New Creation’s leader in Omsk was told that Article 239.1 of the Russian Criminal Code makes “psychological abuse” a crime.
by Massimo Introvigne


On March 12, 2023, the Kirovsky District Court of Omsk, Russia, sentenced Pastor Stanislav Moskvitin to one and a half years to be spent in a penal colony. Moskvitin had been arrested on July 18, 2021. He is the pastor of the Apostolic Center Church “New Creation,” which is part of the Russian Council of Christian Evangelical Churches.
As we reported in Bitter Winter when the trial started in September 22, New Creation was founded in 2014 and registered in 2016. It is part of a network of Russian-speaking conservative Evangelical churches established in Russia, the Baltic States, and the United States. They supported in the past Putin and Patriarch Kirill’s criticism of Western LGBT activism.
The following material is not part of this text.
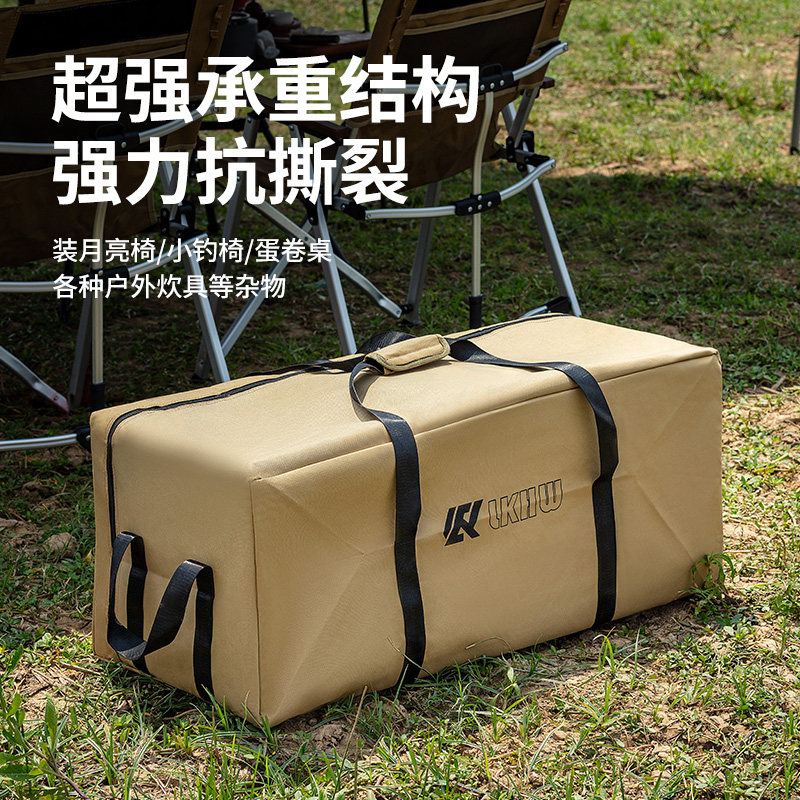 德国户外露营收纳包大容量防水包旅行野营天幕帐篷蛋卷桌收纳袋子图片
However, they were denounced as “cults” by the Russian Orthodox Church because they proselytize and convert Orthodox believers to their Protestant faith.
The verdict is interesting because it is based on Article 239, no.1, of the Russian Criminal Code, which punishes the “creation of a religious or public association, whose activities are associated with violence against citizens or other harm to their health, as well as the leadership of such an association.”
The Omsk judges interpreted Article 239.1 to the effect that “other harm to their health” includes “brainwashing.” They relied on reports by FSB agents who attended incognito Moskvitin’s Sunday services and concluded that “during the divine services, Moskvitin used mind control techniques, including hypnosis, which influenced the psyche of adherents, among whom were children, and ‘zombified’ the parishioners.”
Moskvitin was also accused of receiving donations illegally, but the trial confirmed his lifestyle was modest. Gifts were considered, however, further evidence that church members had been brainwashed and “zombified.”
There is thus a clear statement by a Russian court that “brainwashing” is used by religious minorities, including Evangelical churches, and is a crime in Russia.
Moskvitin has appealed, but clearly the current political climate does not favor religious minorities in Russia.